As well as tourists, Hong Kong is also struggling to attract and retain foreign residents and companies who have been exiting amid China’s tightening control. Beijing imposed a national security law on the region in 2020 that has been heavily criticised around the world and blamed for curbing democracy and free speech.
The territory has also suffered a blow from China’s economic slowdown, with fewer visitors from the mainland.
The bet on booze comes after Hong Kong successfully ditched wine duties in 2008 and established itself as an Asian wine trading hub.
The policy may also stem the flow of local residents travelling across the northern border to the Chinese city Shenzhen for dining out.
The attempt to encourage drinking comes as younger generations in rich countries increasingly turn their back on alcohol in favour of healthier lifestyles and amid squeezed finances.

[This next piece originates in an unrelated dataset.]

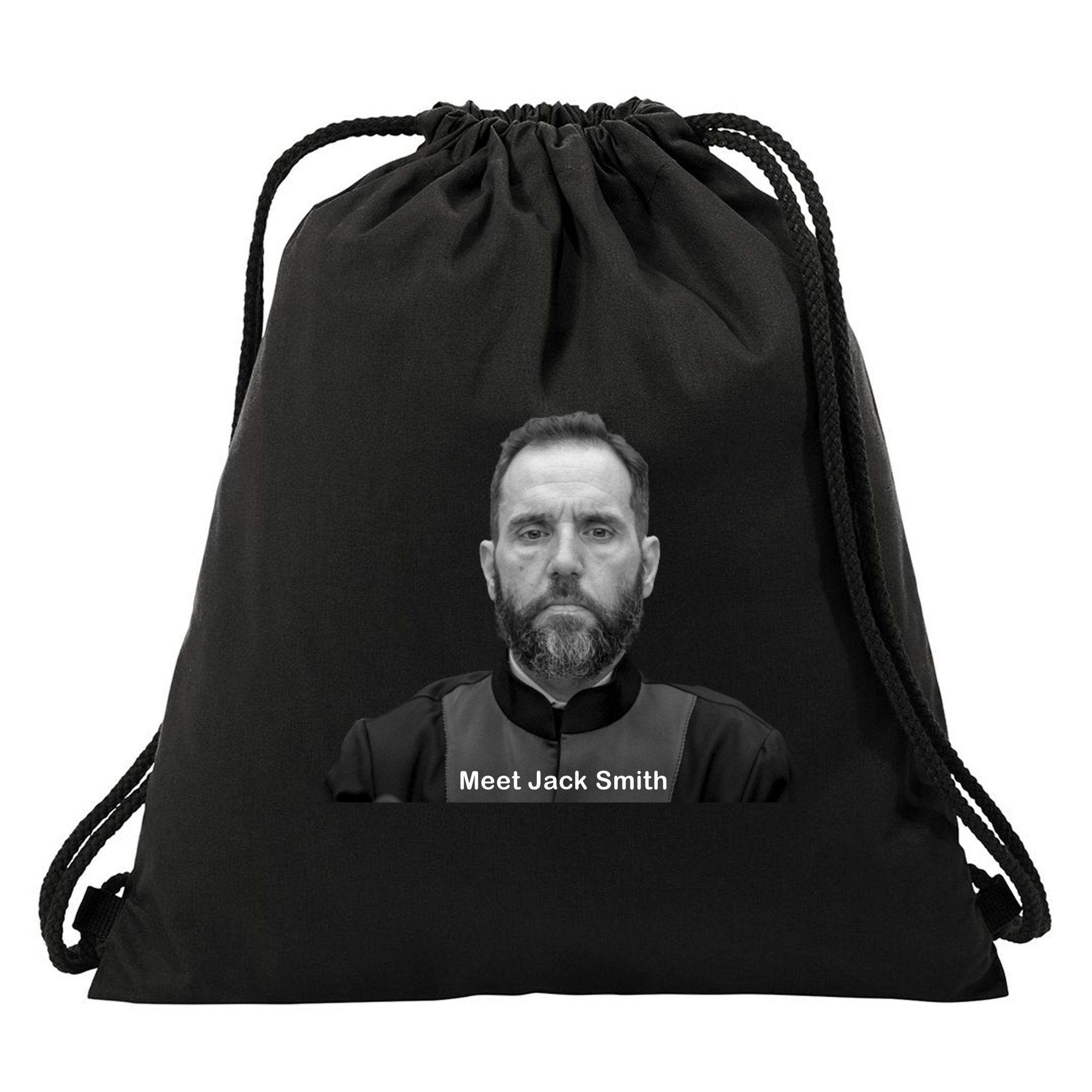 Meet Jack Smith Drawstring Bag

In other measures to try to push growth, the government will also loosen mortgage rules to support the struggling real estate sector.

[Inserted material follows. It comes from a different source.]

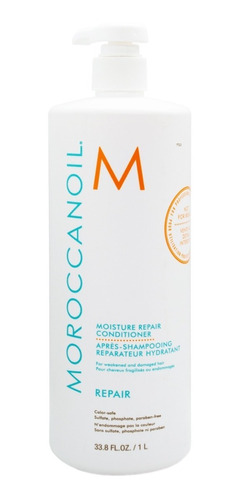 Moroccanoil Repair Acondicionador Hidratante Argán 1l 6c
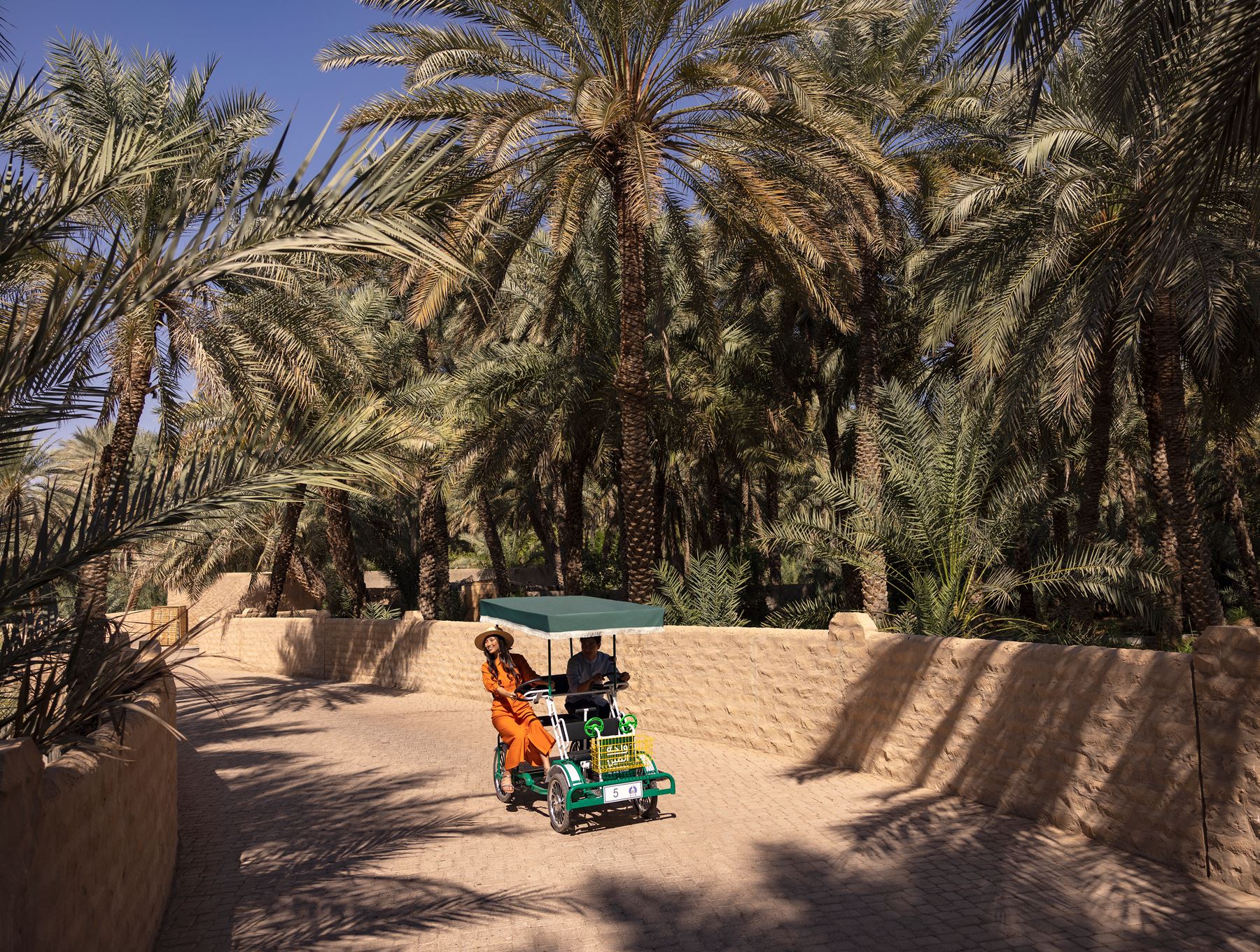 a weekend in al ain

Hong Kong’s 100pc alcohol tax was one of the highest in the world. Research from Oxford Economics showed that Laos is one of the few countries with an even higher tax on spirits of 110pc. In mainland China, the rate is between 15 and 25pc.
Separate figures from the World Health Organisation show that taxes account for 89pc of the cost of a typical bottle of spirits in Norway, while in the UK it is typically 64pc.